In the industry of architectural accent assemblies, and more particularly to panels which are used to cover fixed structures such as building walls and ceilings or dressing structural columns, there have been many methods for attaching such accent panels to the fixed structures.
The most common method for mounting wall panels involves the use of a hook/slot mechanism whereby hooks on the panel are coupled to corresponding holes or slots on the support member or structure. Referring to FIG. 1a, the typical prior art panel has a hook that can be secured to the support member by slidably coupling the hook to the slot in the support member. This attachment method utilizes gravity to hold the panel in place. However, certain vertical displacement of the panel is required for both installation and removal of the panel. Similar to this method is one using a pin/keyhole-type arrangement. Referring to FIG. 1b, either the panel or support member will have a pin, with the other component having a keyhole and adjacent slot. To assemble, the pin will penetrate the keyhole and then be slidably coupled to the slot for locking the assembly in place. Like the hook/slot mechanism, the pin/keyhole mechanism requires vertical displacement of the panel to engage and disengage the pin with the corresponding keyhole.
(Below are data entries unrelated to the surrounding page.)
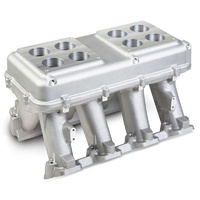 Holley LS3/L92 Hi-Ram Intake Manifold Dual 4500 Sideways Carburettor Mounting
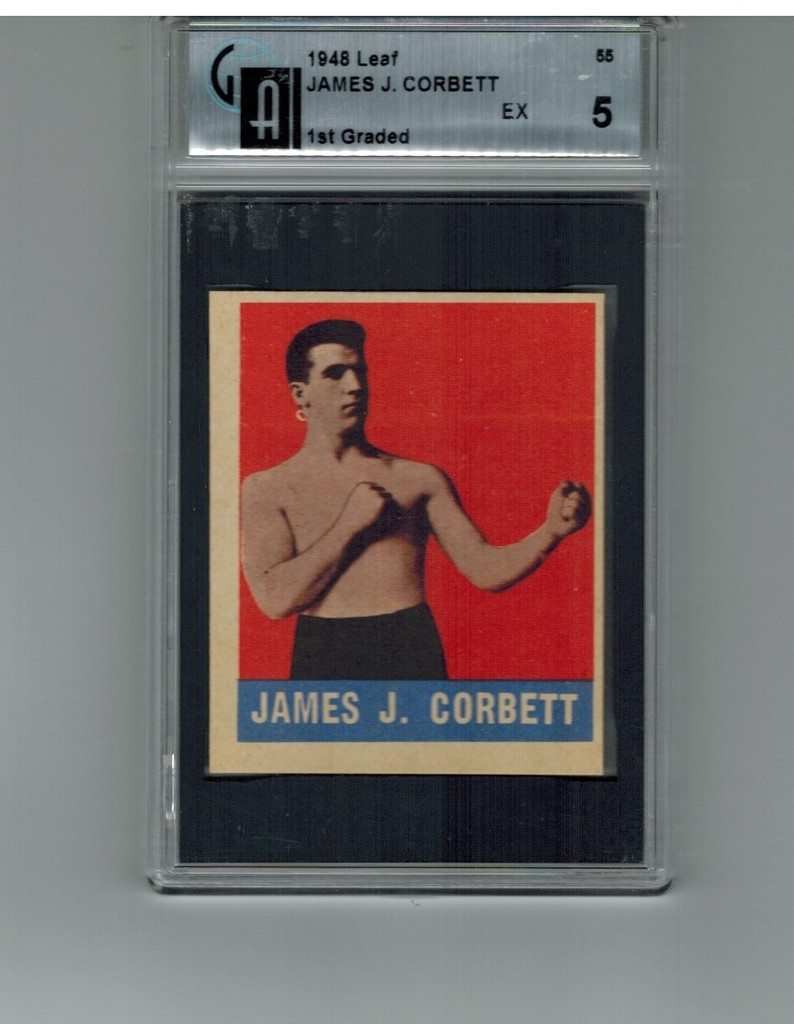 1948 LEAF  #55  JAMES J. CORBETT  (GAI 5 EX)  #*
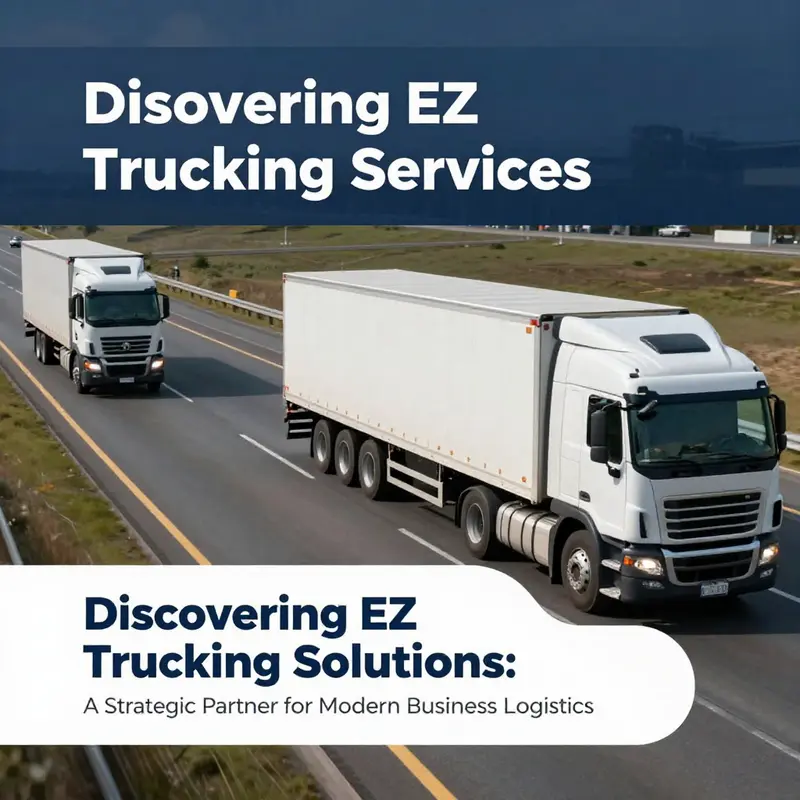 The official headquarters of EZ Trucking Solutions, Inc., located in Stockton, California.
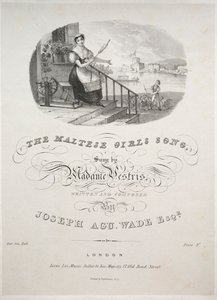 Maltan tyttöjen laulu, 1800-luku. tekijältä Unbekannt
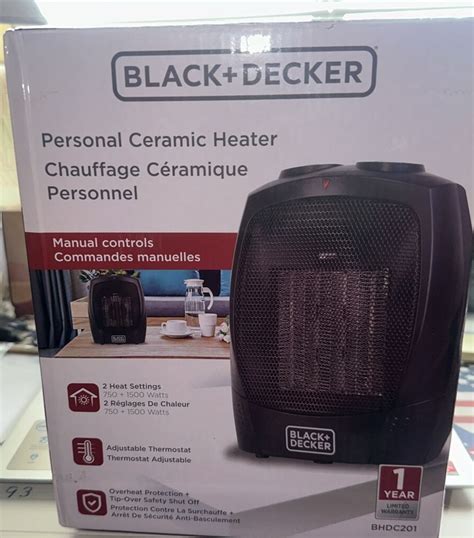 Blackdecker 1500w Ceramic Heater Black Bhdc201 Factory Sealed 819813016197 Ebay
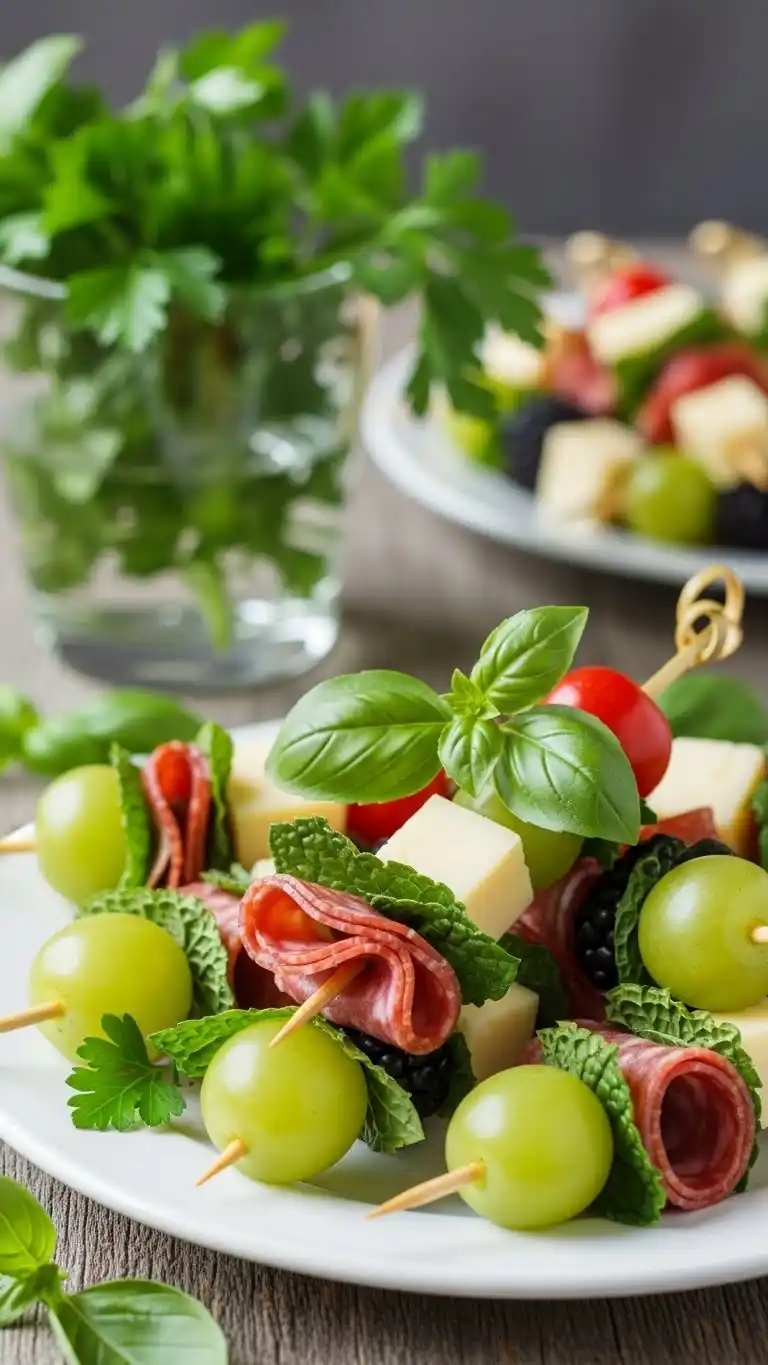 10. Herb-Infused Charcuterie Kabob Ideas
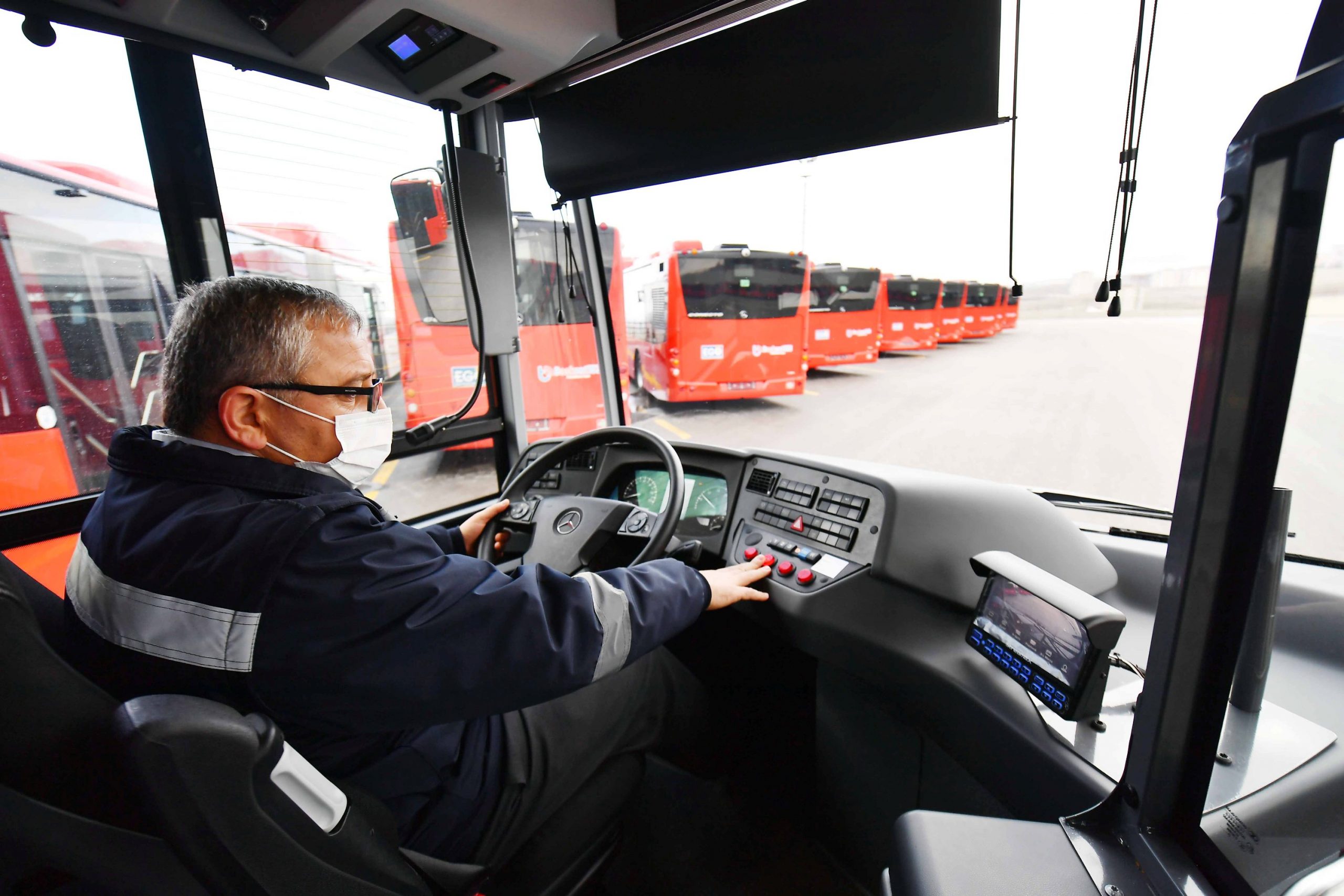 YENİ OTOBÜSLERDEN ‘ANKARA’YA MERHABA’ EGO ŞOFÖRLERİ SÜRÜŞ EĞİTİMİNDE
With both the hook/slot and pin/keyhole mechanisms, vertical displacement of the panels can be inhibited by the positioning of contiguous panels or other components, thereby making it difficult to remove single panels when access to the underlying fixed structure is required. In such instances, the typical prior art solution for wall panels has been the use of a snap fastener mechanism which allows the panel to be releasably secured to the support structure. An exemplary snap fastener mechanism is depicted in FIG. 1c. For ceiling panels, the typical prior art solution has been the use of a vertically-oriented torsion spring mechanism whereby a torsion spring engages a slot in the support structure and uses the spring's stiffness to hold the panel in place. An exemplary embodiment of a torsion spring mechanism is shown in FIG. 1d. However, while both the snap fastener and torsion spring mechanisms allow for relatively easy panel removal, these mechanisms have limited use where the panels are under heavy environmental (e.g., heavy winds, etc.) or material (e.g., wire conduit, etc.) loads.